_WHAT IS BEING ASKED:_ With the pictures omitted, print exactly the lines below, from the one containing "Clad from floor" through the one containing "tumbled green nephrite gemstone on white marble tumbled", and nothing else.

_DATA EXTRACT:_
-=-=-

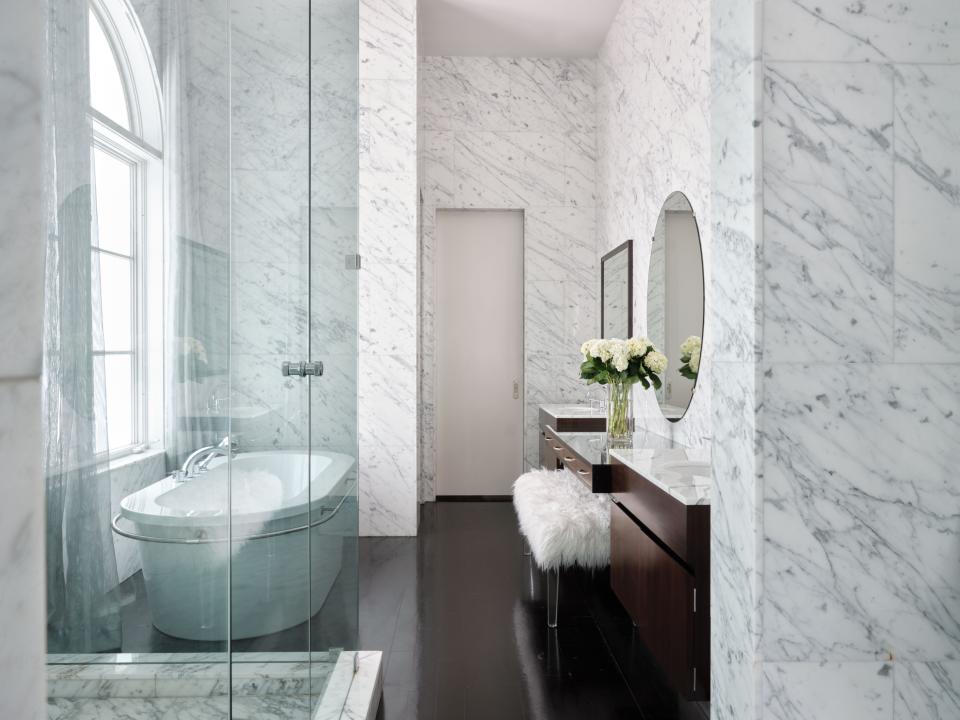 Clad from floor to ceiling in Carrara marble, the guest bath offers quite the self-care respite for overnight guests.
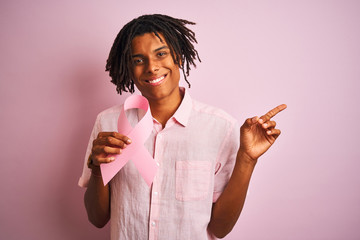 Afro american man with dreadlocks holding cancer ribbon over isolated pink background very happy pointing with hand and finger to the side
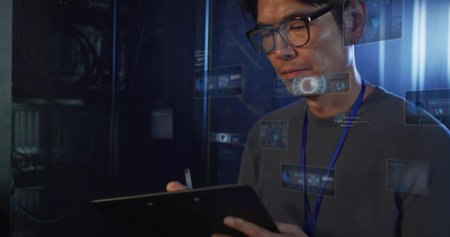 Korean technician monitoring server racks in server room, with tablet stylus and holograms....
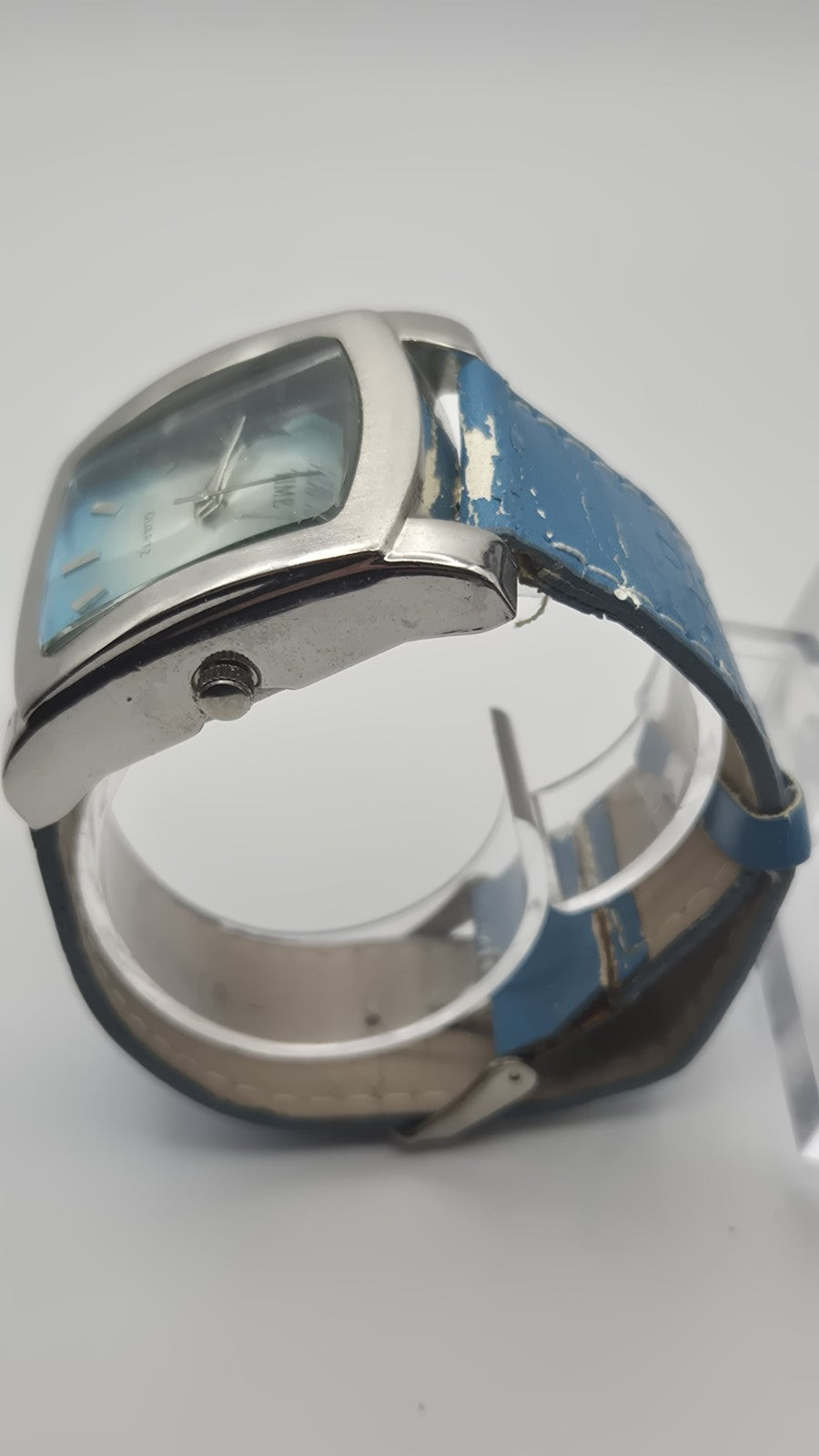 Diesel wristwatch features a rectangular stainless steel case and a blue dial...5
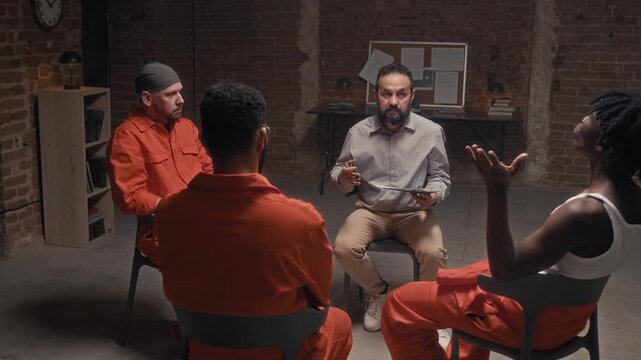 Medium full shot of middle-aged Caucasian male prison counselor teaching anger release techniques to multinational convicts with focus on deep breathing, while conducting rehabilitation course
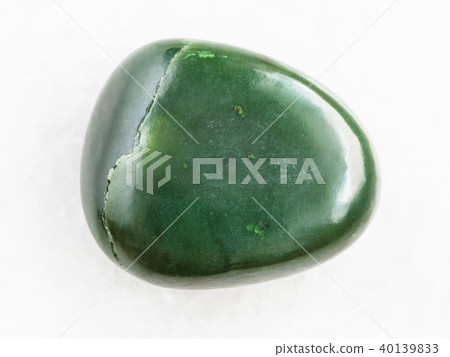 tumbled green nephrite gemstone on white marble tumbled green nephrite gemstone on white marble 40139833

-=-=-

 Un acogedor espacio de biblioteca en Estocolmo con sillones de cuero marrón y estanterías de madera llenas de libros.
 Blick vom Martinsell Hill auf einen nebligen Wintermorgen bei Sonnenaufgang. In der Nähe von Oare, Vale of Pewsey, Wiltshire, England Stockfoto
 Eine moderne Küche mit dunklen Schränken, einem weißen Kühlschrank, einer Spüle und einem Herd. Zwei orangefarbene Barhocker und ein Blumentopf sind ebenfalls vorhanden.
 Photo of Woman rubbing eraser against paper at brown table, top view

-=-=-

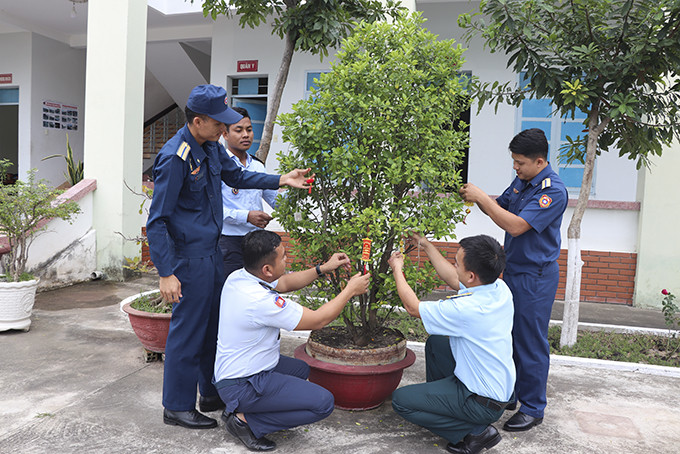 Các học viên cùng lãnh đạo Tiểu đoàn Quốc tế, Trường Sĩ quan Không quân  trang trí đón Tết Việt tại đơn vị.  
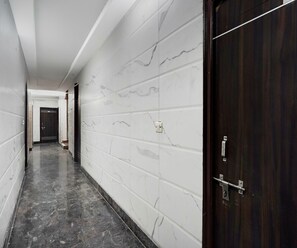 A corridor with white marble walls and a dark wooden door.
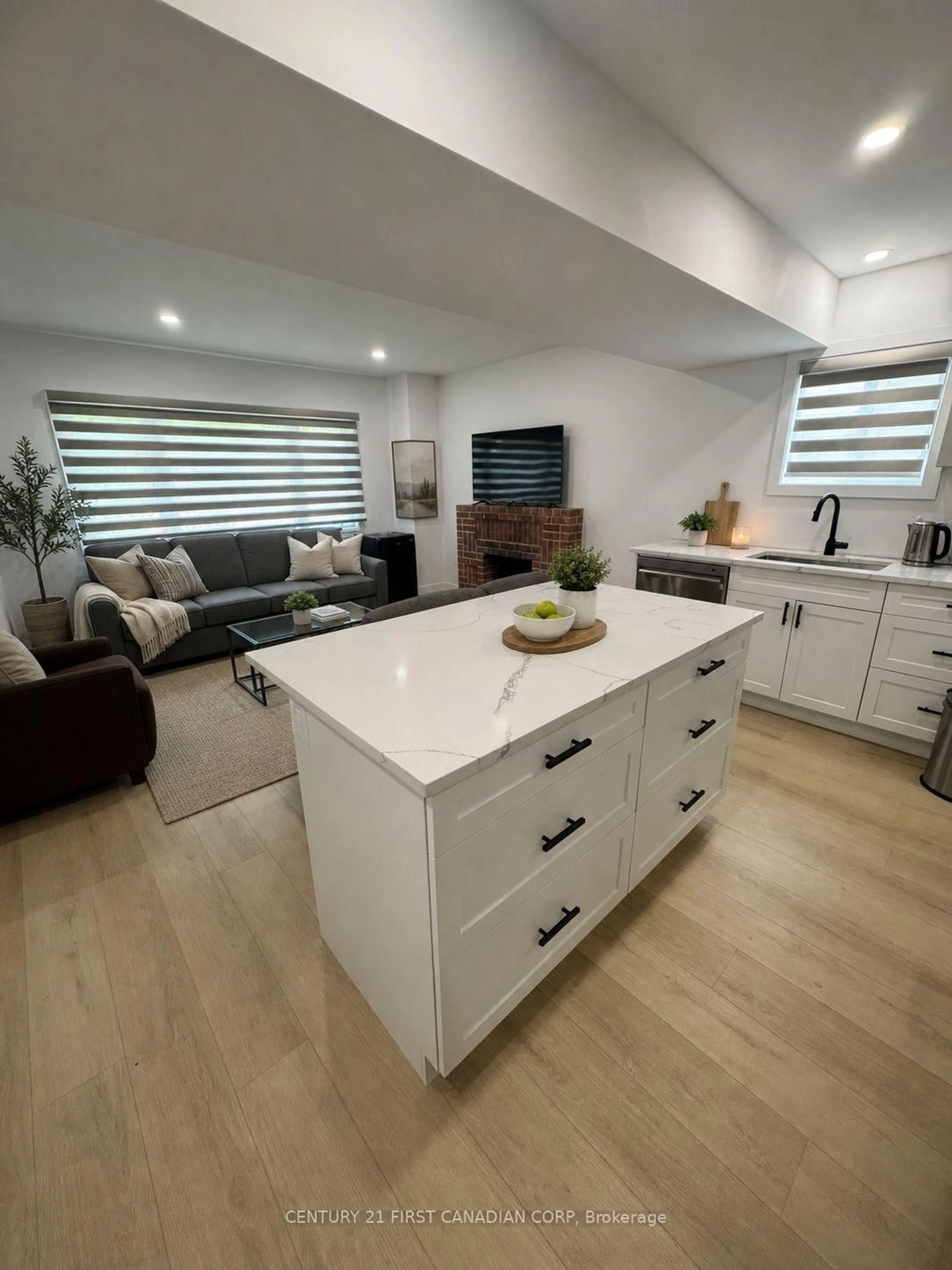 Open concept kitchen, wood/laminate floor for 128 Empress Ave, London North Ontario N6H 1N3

-=-=-

_COMPLETED TASK:_
 Clad from floor to ceiling in Carrara marble, the guest bath offers quite the self-care respite for overnight guests.
 Afro american man with dreadlocks holding cancer ribbon over isolated pink background very happy pointing with hand and finger to the side
 Korean technician monitoring server racks in server room, with tablet stylus and holograms....
 Diesel wristwatch features a rectangular stainless steel case and a blue dial...5
 Medium full shot of middle-aged Caucasian male prison counselor teaching anger release techniques to multinational convicts with focus on deep breathing, while conducting rehabilitation course
 tumbled green nephrite gemstone on white marble tumbled green nephrite gemstone on white marble 40139833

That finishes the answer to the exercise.